Aim of the exercise: What is needed is an exact transcription of every entry below, with the pictures left out.

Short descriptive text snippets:
= = = = =

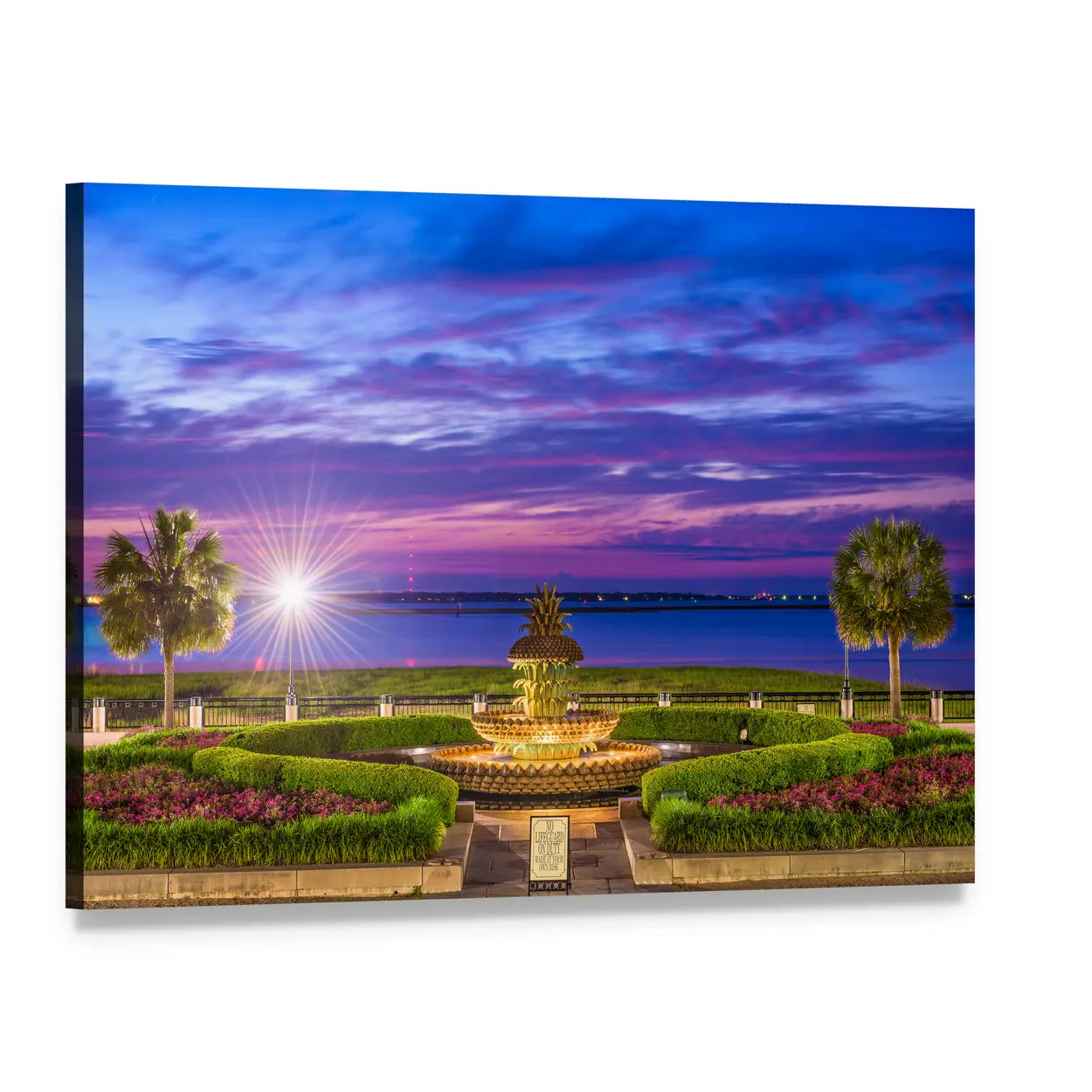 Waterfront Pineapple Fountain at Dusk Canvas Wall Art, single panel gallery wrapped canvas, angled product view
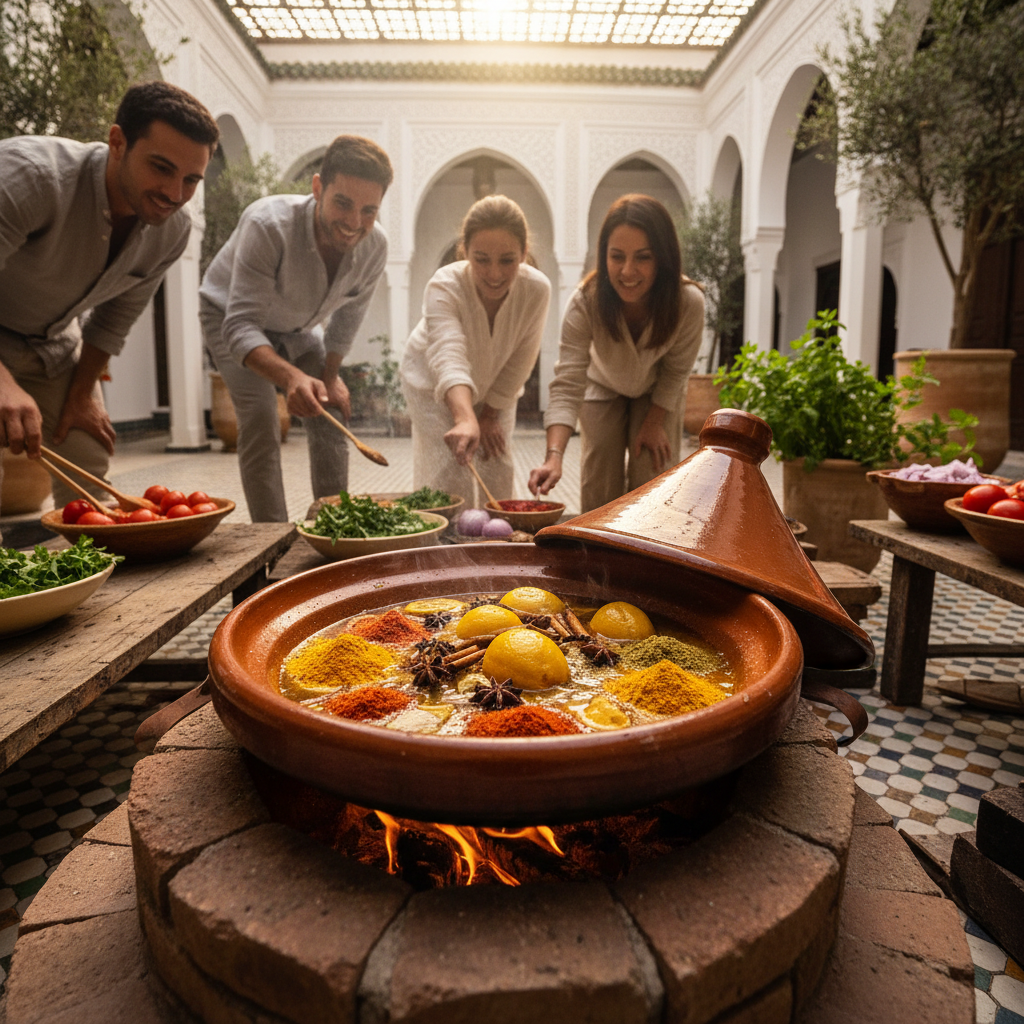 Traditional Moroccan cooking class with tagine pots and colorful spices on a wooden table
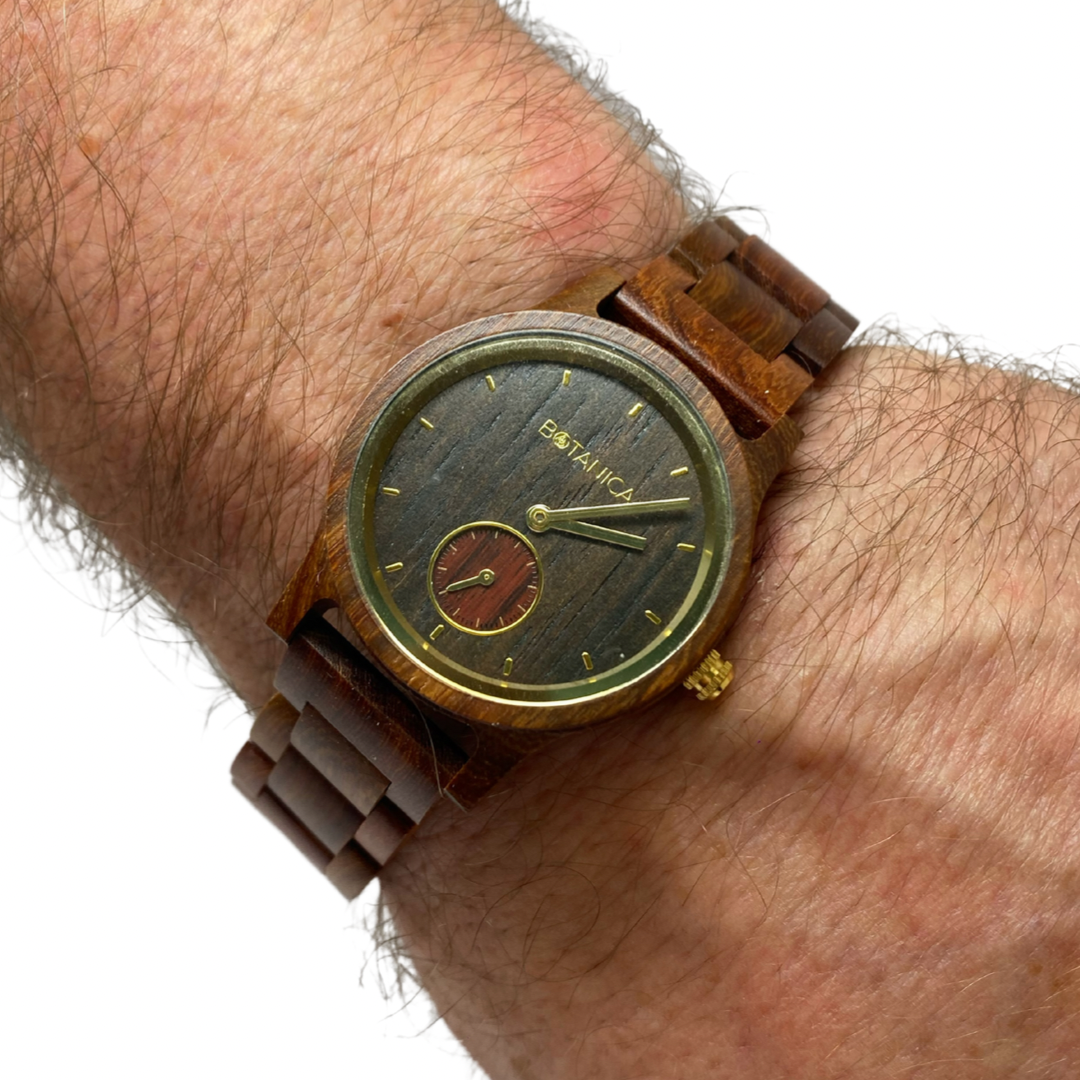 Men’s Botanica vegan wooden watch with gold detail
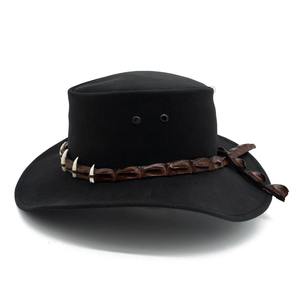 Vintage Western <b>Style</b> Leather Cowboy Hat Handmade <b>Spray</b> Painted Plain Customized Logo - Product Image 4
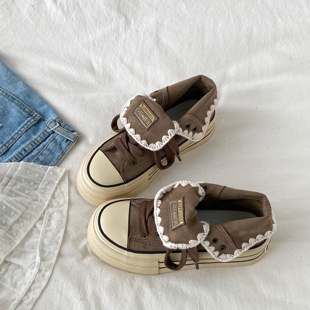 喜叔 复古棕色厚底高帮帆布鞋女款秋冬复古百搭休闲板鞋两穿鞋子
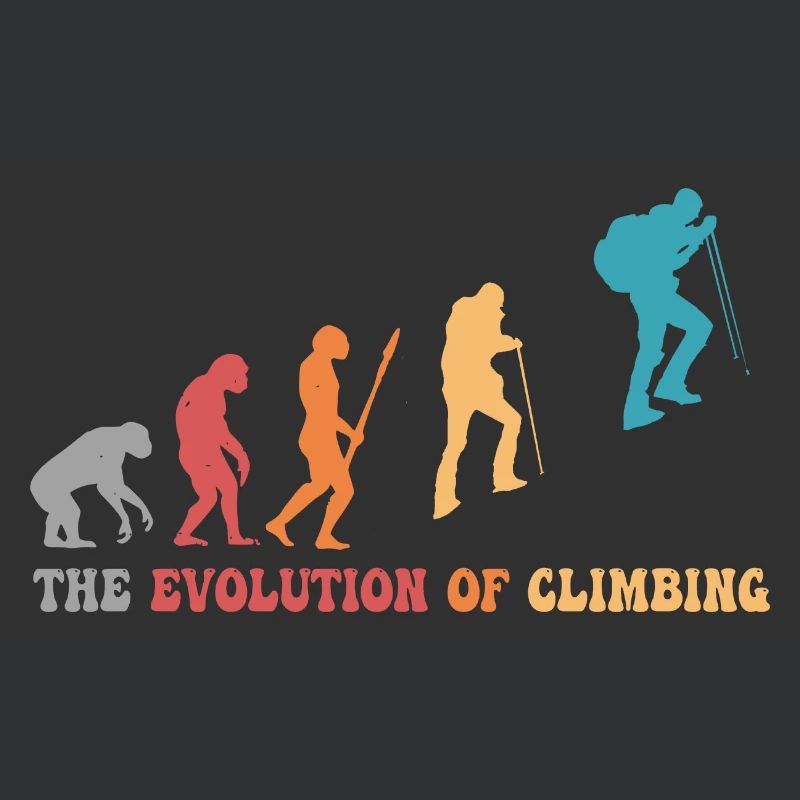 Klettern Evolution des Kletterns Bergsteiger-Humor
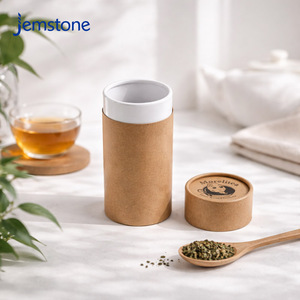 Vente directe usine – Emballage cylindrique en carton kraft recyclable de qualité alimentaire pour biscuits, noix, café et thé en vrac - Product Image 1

= = = = =

Your response:
 Waterfront Pineapple Fountain at Dusk Canvas Wall Art, single panel gallery wrapped canvas, angled product view
 Traditional Moroccan cooking class with tagine pots and colorful spices on a wooden table
 Men’s Botanica vegan wooden watch with gold detail
 Vintage Western <b>Style</b> Leather Cowboy Hat Handmade <b>Spray</b> Painted Plain Customized Logo - Product Image 4
 喜叔 复古棕色厚底高帮帆布鞋女款秋冬复古百搭休闲板鞋两穿鞋子
 Klettern Evolution des Kletterns Bergsteiger-Humor
 Vente directe usine – Emballage cylindrique en carton kraft recyclable de qualité alimentaire pour biscuits, noix, café et thé en vrac - Product Image 1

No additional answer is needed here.